According to the latest official Top 500 supercomputers list published last November (the next list is due to be published in June 2018), Eni’s HPC4 is the only non-governmental and non-institutional system ranking among the top ten most powerful systems in the world.

Eni’s Green Data Centre has been designed as a single IT Infrastructure to host all of HPC’s architecture and all the other Business applications. It’s supercomputers (the HPC3 and the new HPC4) provide strategic support to the company’s process of digital transformation across the entire value chain, from the exploration and development phase of oil and gas reservoirs, to the management of the big data generated in the operational phase by all the productive assets (upstream, refining and petrochemicals).

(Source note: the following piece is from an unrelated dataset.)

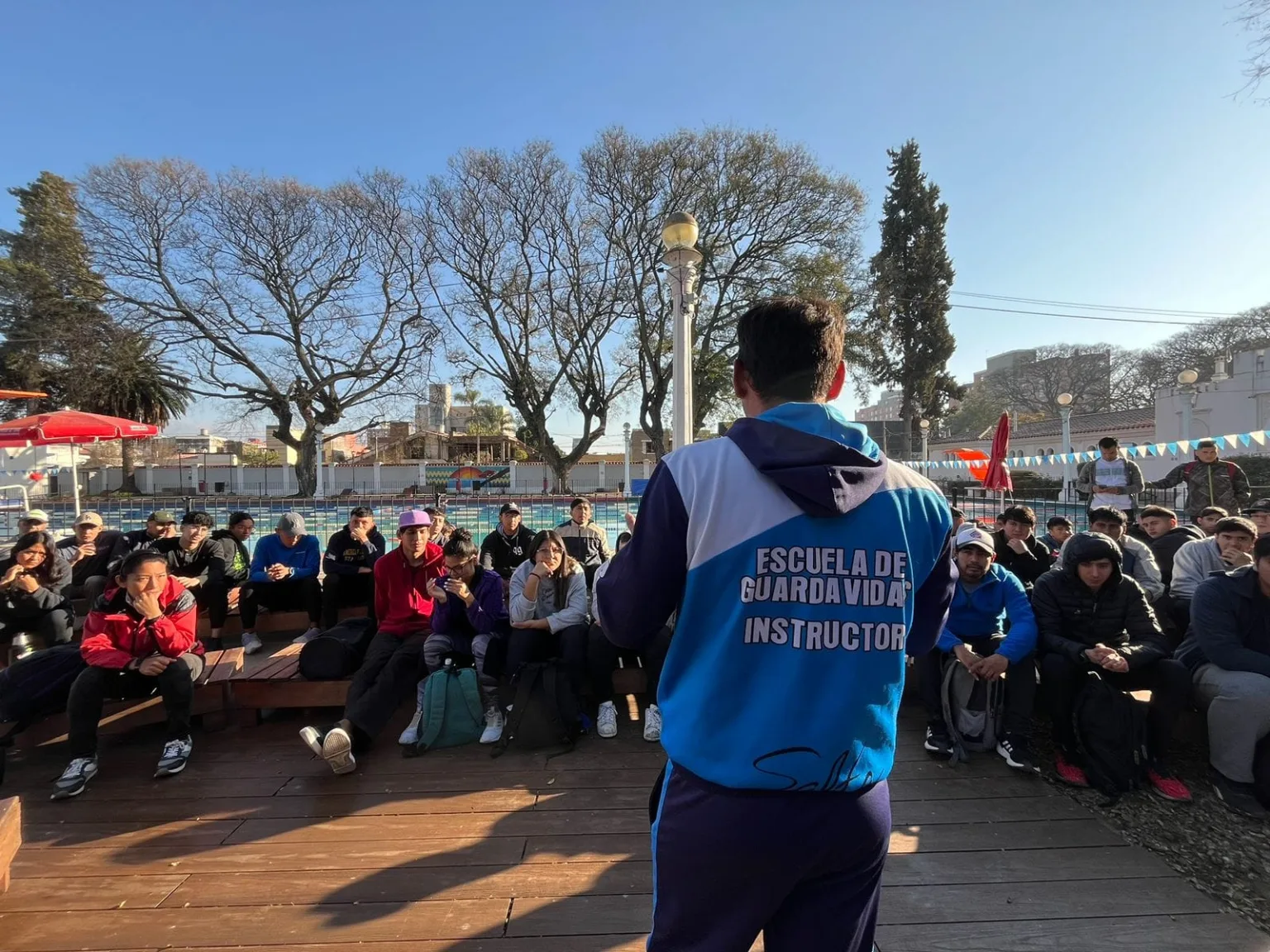El Municipio de Salta abrió las inscripciones para Guardavidas para la temporada estival 2026/2027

Eni’s supercomputing infrastructure operates on the basis of an extremely advanced and complex proprietary ecosystem of algorithms, created and developed by Eni, and based on the company’s own experience and know-how. In particular, HPC4 will support the execution and evolution of Eni’s leading-edge suite of 3D Seismic Imaging packages, as well as advanced Petroleum System Modelling together with state of the art Reservoir Simulation algorithms and optimization of production plants.

The investments devoted to reinforcing the supercomputing infrastructure and the development of algorithms are a significant part of Eni’s digital transformation process. We can store and process enormous quantities of data for geophysical imaging, the modelling of oil systems and reservoirs, in addition to using predictive and cognitive computing algorithms for all our business activities. These technologies will enable us, on the one hand, to accelerate and make the entire upstream process more efficient and accurate, reducing risks in the exploration phase and, at the same time, giving us a significant technological advantage, but also to increase the level of reliability, technical integrity and operability of all our productive plants, while minimizing operational risks, with benefits both in terms of safety and environmental impact. In our industry it is increasingly important to be able to process ever-increasing amounts of data, ensuring more accurate and faster results. With HPC4 we are tracing the path for the use of exascale supercomputers in the energy sector that could revolutionize the way in which oil & gas activities are managed. In line with Eni’s sustainability policy, Eni’s Green Data Centre as well as the new HPC4 have been engineered to ensure the maximum level of energy efficiency in order to minimize CO2 emissions and operating costs,” Eni CEO, Claudio Descalzi, commented.

HPC4 system architecture has been designed with the same philosophy of the Eni’s previous HPC solutions, all based on a hybrid clusters technology.

The new hybrid HPC cluster provided by Hewlett Packard Enterprise (HPE) is built on 1600 HPE ProLiant DL380 nodes, each equipped with two Intel 24-core Skylake processors (totalling more than 76,000 cores) and two NVIDIA Tesla P100 GPU accelerators, all connected through a high-speed EDR InfiniBand. The new system will be working alongside a high performance 15 Petabytes storage subsystem.